December 13, 2011

Spin The Cube, Make A Wish.

“Tell me what you wished for.”

“If I tell you” she replied “it won’t come true.”

“You’re thinking of birthday candles” I said. “The Cube doesn’t work that way. This is the City of Dreams; how can it grant your heart’s desires unless you make them known?”

Eyes closed, lips parted, she leaned in close enough for me to taste the sweetness of her breath, and paused. “I wished for a kiss” she whispered. “Just one kiss. From you.”

The Djinn of the Cube had spoken; it was no longer my place to deny her orison. In my capacity as a duly deputized agent of Wish Fulfillment, I ran my fingers through the onyx strands that flowed like the Jordan from her crown, and met her open mouth with mine. She was delicious.
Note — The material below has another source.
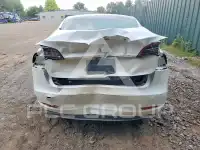 2022 Tesla Model 3 фото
At first glance nobody believes the Cube at Astor Place spins. Set in the shadow of Cooper Union, it’s precariously perched on a single corner, as if God herself had dropped a building block from heaven and the impact embedded it into the concrete. Designed to swivel on its vertical axis, this iconic sculpture had been a cultural landmark for decades before I discovered it in the early 1980s. The unofficial gateway to the City that Never Sleeps, the Cube has granted generations of hippies, punks, goths, students, sk8ers, hipsters, drunks and homeless, sanctuary.

Sometimes the only way to experience the wonder of a place like New York City is to see it through the eyes of a neophyte. I didn’t get off from work until well after midnight, but it was Rachel’s first night in the Big Apple; how could we not go exploring? I hoisted her oversized luggage into the enormous trunk of my ’72 Buick Skylark convertible, threw the top down and commenced an open-air impromptu tour of the only place I’ve ever called home.

It was a different time; in retrospect it was a time of (relative) innocence. The Twin Towers were still standing. 42nd St. was still “the deuce.” New York City was still seedy and edgy and dangerous; glorious in all of its unsanitary splendor. Somewhere between the Ballad of Betty and Veronica and The Emerald City, Rachel fell into my world with the force of a meteor. For (too brief) a time, she made everything and nothing matter.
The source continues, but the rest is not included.